Task brief
Please give back each line of the material unchanged, but without the images.

Material provided
•••

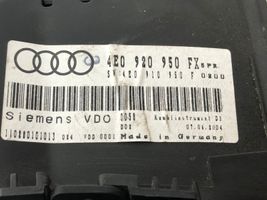 Audi A8 S8 D3 4E Compteur de vitesse tableau de bord 4E0920950FX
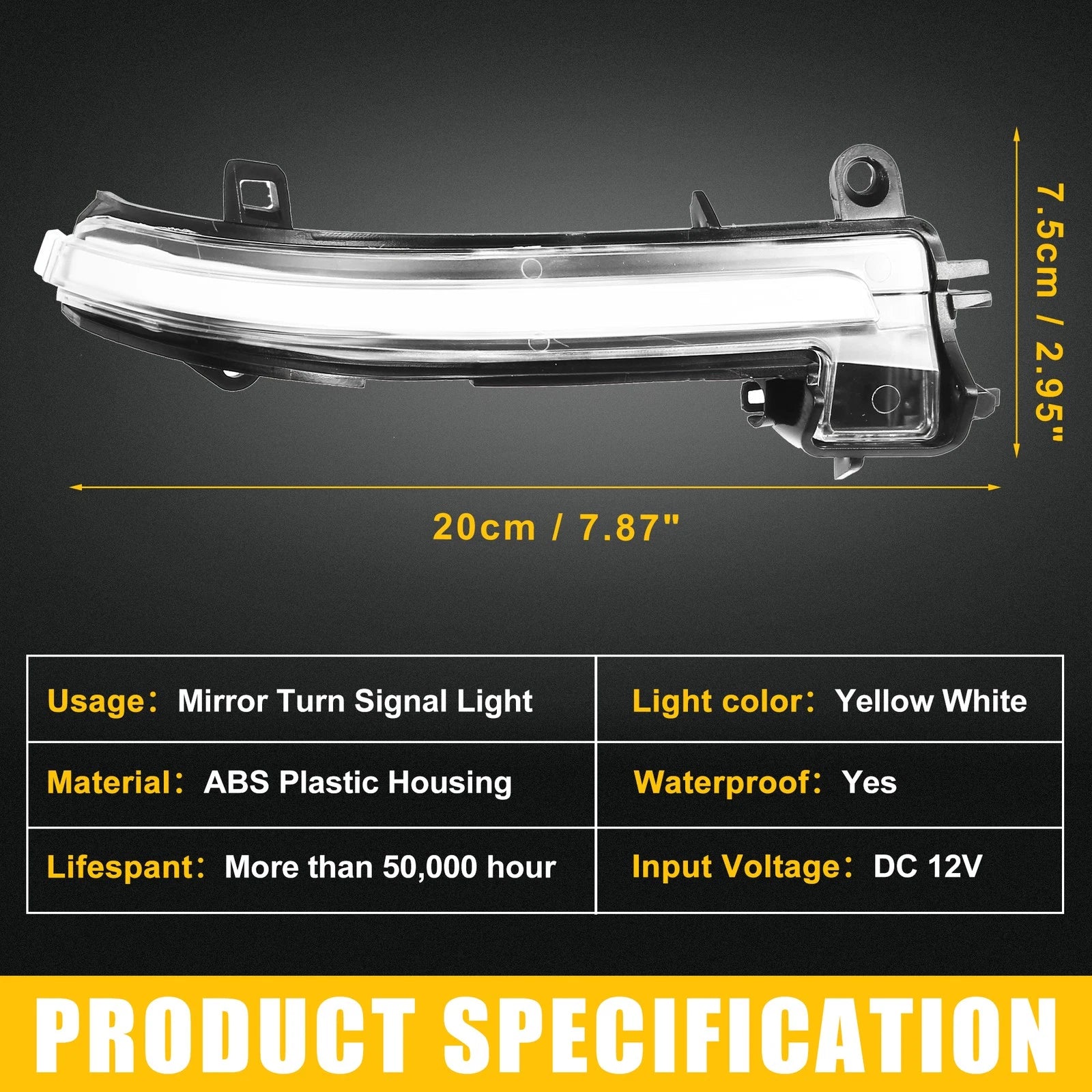 Set of 2 Mirror Turn Signal Lights for BMW (2011–2017) 63137280771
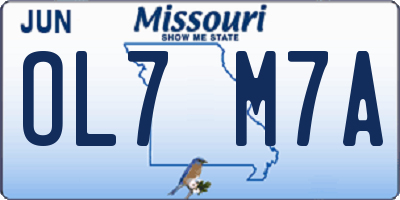 MO license plate OL7M7A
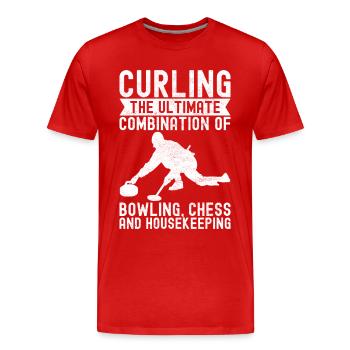 Joueurs de curling - T-shirt bio Premium Homme - rouge - Devant - Damien (186cm)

•••

Completed task
 Audi A8 S8 D3 4E Compteur de vitesse tableau de bord 4E0920950FX
 Set of 2 Mirror Turn Signal Lights for BMW (2011–2017) 63137280771
 MO license plate OL7M7A
 Joueurs de curling - T-shirt bio Premium Homme - rouge - Devant - Damien (186cm)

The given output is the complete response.